According to a quotation popularly attributed to Einstein, it's a mark of lunacy to keep asking the same question, hoping for a different answer. So naturally, I was a little concerned about just what it might mean if you managed to actually get a different answer.

So I thought about it a bit harder, and came to finally came to a (in retrospect, obvious) conclusion: they aren't actually the same puzzle.

So what's the difference? In version one, you're told that one of John Smith's children is a daughter. In version two, you're told that John Smith has taken one of his children for a walk, and that child is a daughter. Either way, we've been told that one of John Smith's children is a daughter.

But we haven't actually been given quite the same information.

Version 1 simply guarantees that at least one child is a daughter; version 2 tells us that the particular child that John Smith took for a walk is a daughter. The possibility that the child left at home is a daughter is excluded from the calculation in version 2, but included in version 1, which is why the probability that both are daughters is lower in version 1 than in version 2.

So the whole confusion boils down to what you think it means to be told that One of John Smith's children is a daughter. If you interpret it as saying no more than John Smith has at least one daughter, then the answer is \(1/3\). But if you interpret as saying that one particular child is a daughter (the older one, or the one standing on the left, or the only one who has ever been locked alone in the cupboard under the stairs for misbehaving, or, indeed, the one that he took for a walk that day) then the answer is \(1/2\).

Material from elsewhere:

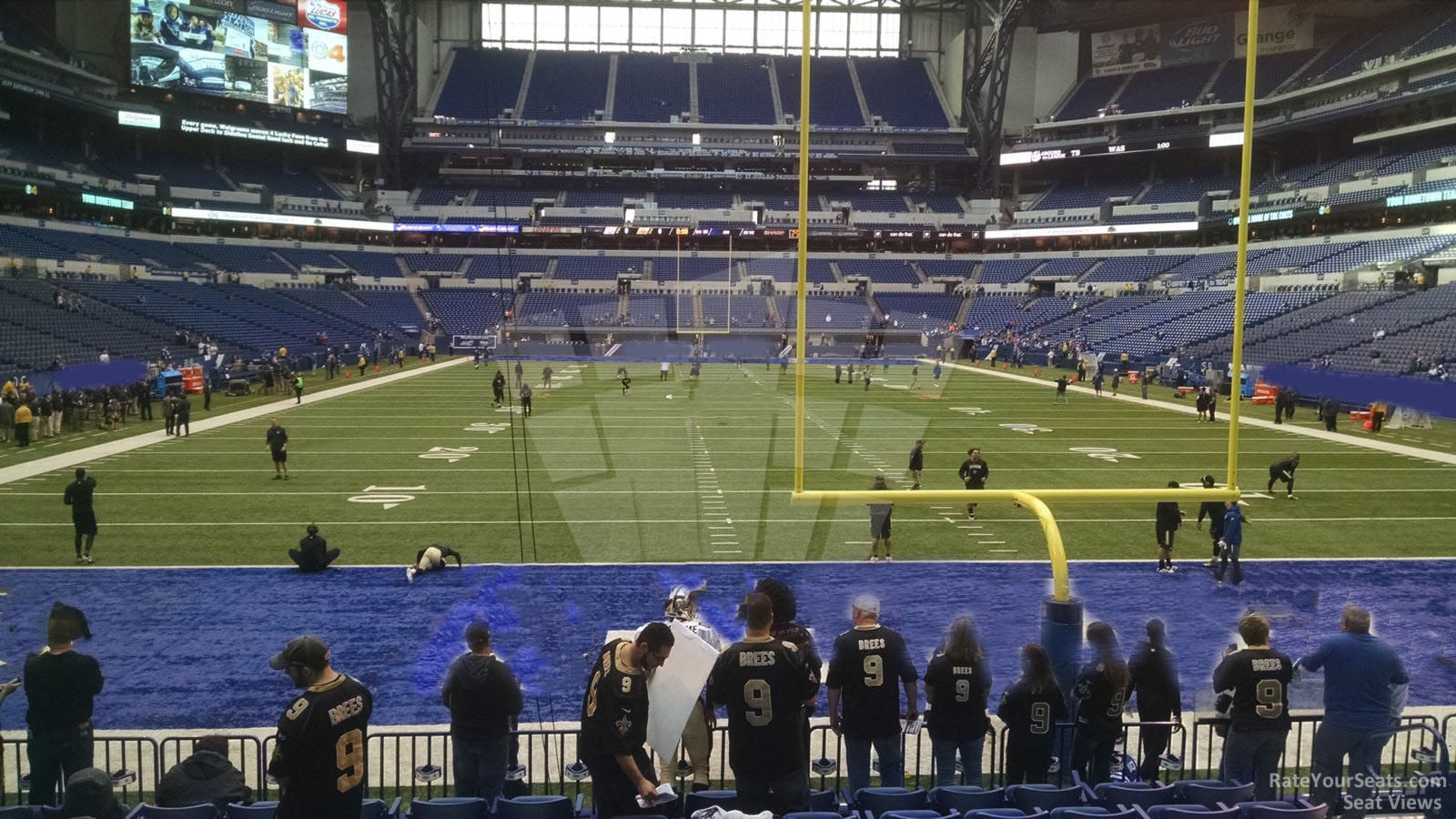 section 101, row 12 seat view  for football - lucas oil stadium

To the extend that there's a disagreement here, it isn't an internal disagreement in probability theory (which would be a Very Bad Thing Indeed), it's a disagreement of interpretation of what One of John Smith's children is a daughter means.

The moral

As is often the case, the problem isn't the mathematical analysis: in each version that was straightforward. The problem is setting up the right mathematical model for the situation, which can be very tricky if there's any linguistic ambiguity in the description.